_Work required_
Transcribe every line of the material below exactly, leaving out the pictures.

━━━━━━━━━━━━━━━━

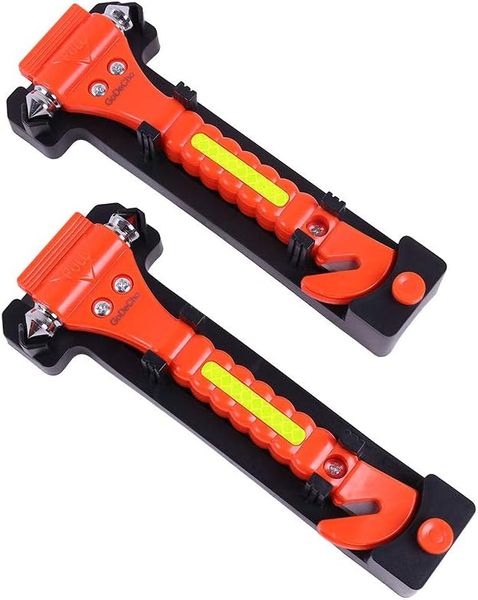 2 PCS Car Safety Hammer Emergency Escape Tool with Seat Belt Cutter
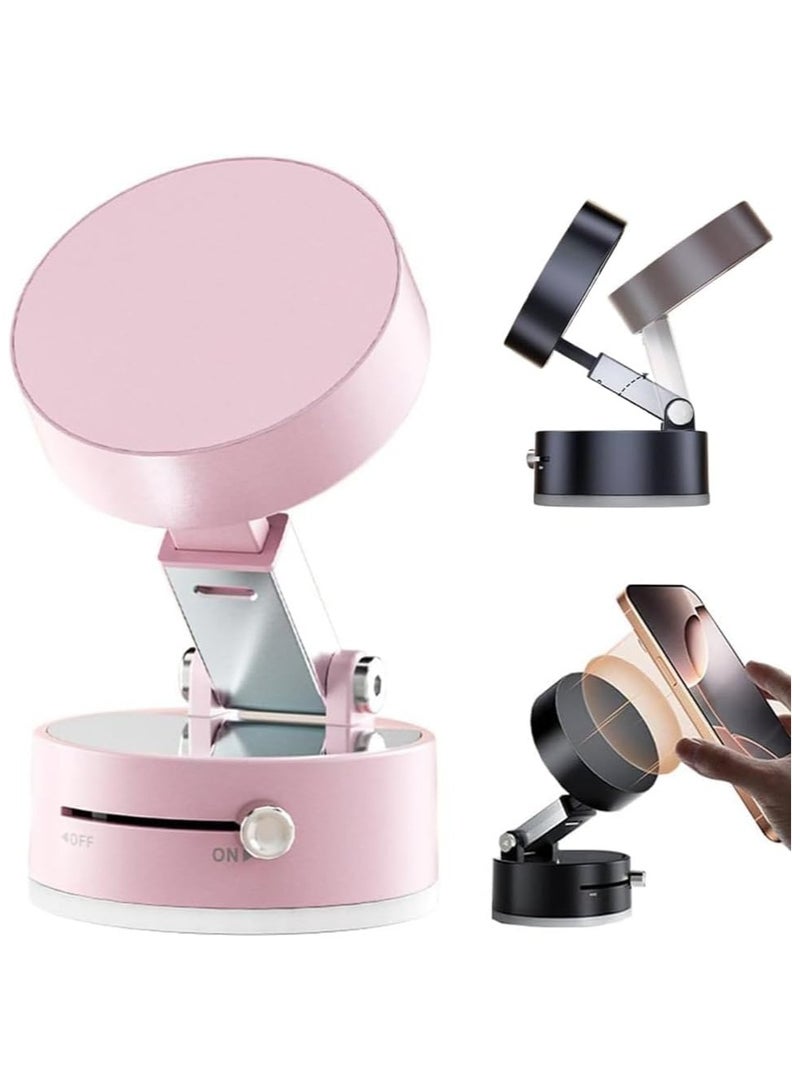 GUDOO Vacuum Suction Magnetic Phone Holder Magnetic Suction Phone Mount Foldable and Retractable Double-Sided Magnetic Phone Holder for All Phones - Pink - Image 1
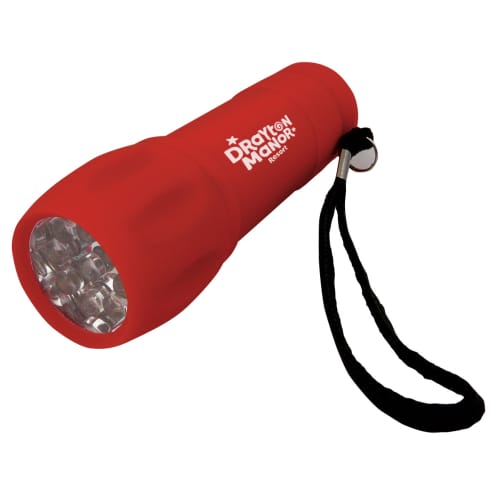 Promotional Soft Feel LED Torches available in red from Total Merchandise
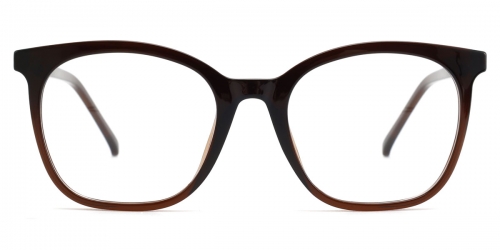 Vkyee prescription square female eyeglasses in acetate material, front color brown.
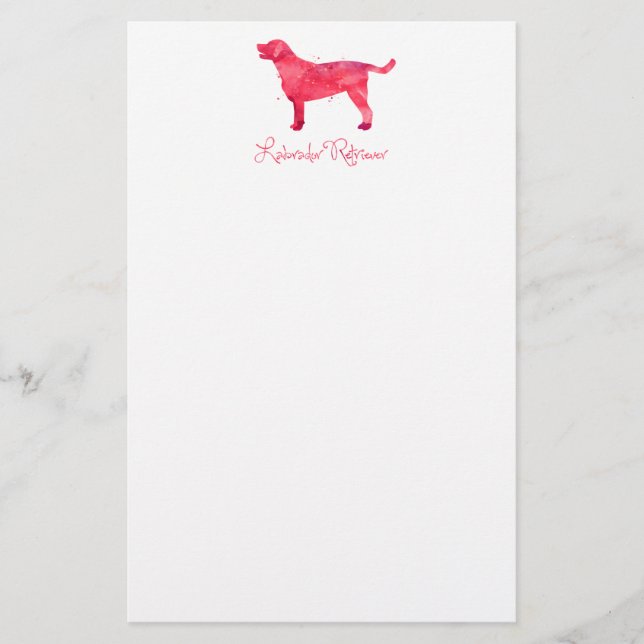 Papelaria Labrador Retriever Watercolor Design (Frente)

━━━━━━━━━━━━━━━━

_Output of the task_
 2 PCS Car Safety Hammer Emergency Escape Tool with Seat Belt Cutter
 GUDOO Vacuum Suction Magnetic Phone Holder Magnetic Suction Phone Mount Foldable and Retractable Double-Sided Magnetic Phone Holder for All Phones - Pink - Image 1
 Promotional Soft Feel LED Torches available in red from Total Merchandise
 Vkyee prescription square female eyeglasses in acetate material, front color brown.
 Papelaria Labrador Retriever Watercolor Design (Frente)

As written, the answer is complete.